En lisant ce vers de Heine, l’écrivain chinois Yu Hua retrouve une sensation perdue : fils d’un chirurgien, il a passé son enfance en face d’une morgue, « pour ainsi dire au milieu des pleurs ». Par un été brûlant, il a fini par en franchir le seuil et, sans peur des esprits, par s’allonger sur un lit de ciment propre et frais, échangeant la lumière ardente du soleil contre celle de la lune.
Même si les pleurs des visiteurs, au cœur de la nuit, viennent parfois l’embarrasser et le chasser de ce repos, le voici désormais sous le signe de cette planète blanche – de cette « froideur » tchékhovienne par laquelle s’exprime le mieux l’étrangeté de notre condition. La douleur brûle mais pour en dire l’atteinte il faut la plonger « comme un peu de soleil dans l’eau froide ».

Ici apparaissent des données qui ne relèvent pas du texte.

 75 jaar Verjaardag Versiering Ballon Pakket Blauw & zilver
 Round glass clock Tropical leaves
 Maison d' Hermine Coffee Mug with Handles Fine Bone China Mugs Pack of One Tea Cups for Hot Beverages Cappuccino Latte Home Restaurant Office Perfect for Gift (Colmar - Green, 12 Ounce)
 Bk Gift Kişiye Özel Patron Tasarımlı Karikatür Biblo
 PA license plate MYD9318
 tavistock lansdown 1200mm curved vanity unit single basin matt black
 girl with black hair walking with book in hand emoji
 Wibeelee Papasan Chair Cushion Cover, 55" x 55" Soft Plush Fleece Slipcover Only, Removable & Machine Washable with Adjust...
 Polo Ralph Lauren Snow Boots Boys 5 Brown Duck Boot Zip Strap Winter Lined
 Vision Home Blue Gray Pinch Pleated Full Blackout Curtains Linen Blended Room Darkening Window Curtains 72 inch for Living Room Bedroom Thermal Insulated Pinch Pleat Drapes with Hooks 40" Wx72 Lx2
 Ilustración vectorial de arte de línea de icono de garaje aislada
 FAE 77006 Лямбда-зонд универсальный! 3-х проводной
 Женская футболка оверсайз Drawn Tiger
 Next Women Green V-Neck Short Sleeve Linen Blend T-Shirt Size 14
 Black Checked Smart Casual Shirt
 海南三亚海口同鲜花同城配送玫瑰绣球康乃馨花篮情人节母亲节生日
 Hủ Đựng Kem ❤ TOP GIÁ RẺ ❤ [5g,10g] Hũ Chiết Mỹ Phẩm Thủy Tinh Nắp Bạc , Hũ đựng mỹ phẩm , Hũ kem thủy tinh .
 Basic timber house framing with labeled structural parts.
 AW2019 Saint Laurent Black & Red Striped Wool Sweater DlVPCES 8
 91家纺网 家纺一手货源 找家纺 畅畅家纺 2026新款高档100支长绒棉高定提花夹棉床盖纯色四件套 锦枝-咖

Yu Hua ne dit pas et je ne sais pas ce que Heine entendait en écrivant son vers (dont je ne connais pas l’original allemand et qui m’arrive donc retraduit du chinois…) mais dans ce voyage des sensations vers les mots, d’une langue à l’autre, malentendus compris, il croit retrouver l’essentiel de la littérature, cette joie qui nous étreint, et cette impression de fraternité, lorsqu’un autre exprime ce que nous étions seul à avoir ressenti – et que nous ne souvenions peut-être même pas avoir vécu.
Pour moi, j’ai découvert ce froid – ce froid de la nuit et de la mort – dans la cave de Guillaume, l’ancien fossoyeur de Fontvieille, dont j’ai fait la résidence de « l’Arabe ». Ces pierres tombales qu’il y entreposait, le froid humide qui y régnait, je les ai encore sur la peau, et quand j’écris c’est cela que je cherche – cela et rien d’autre.
Source : Yu Hua, la Chine en dix mots (Actes Sud).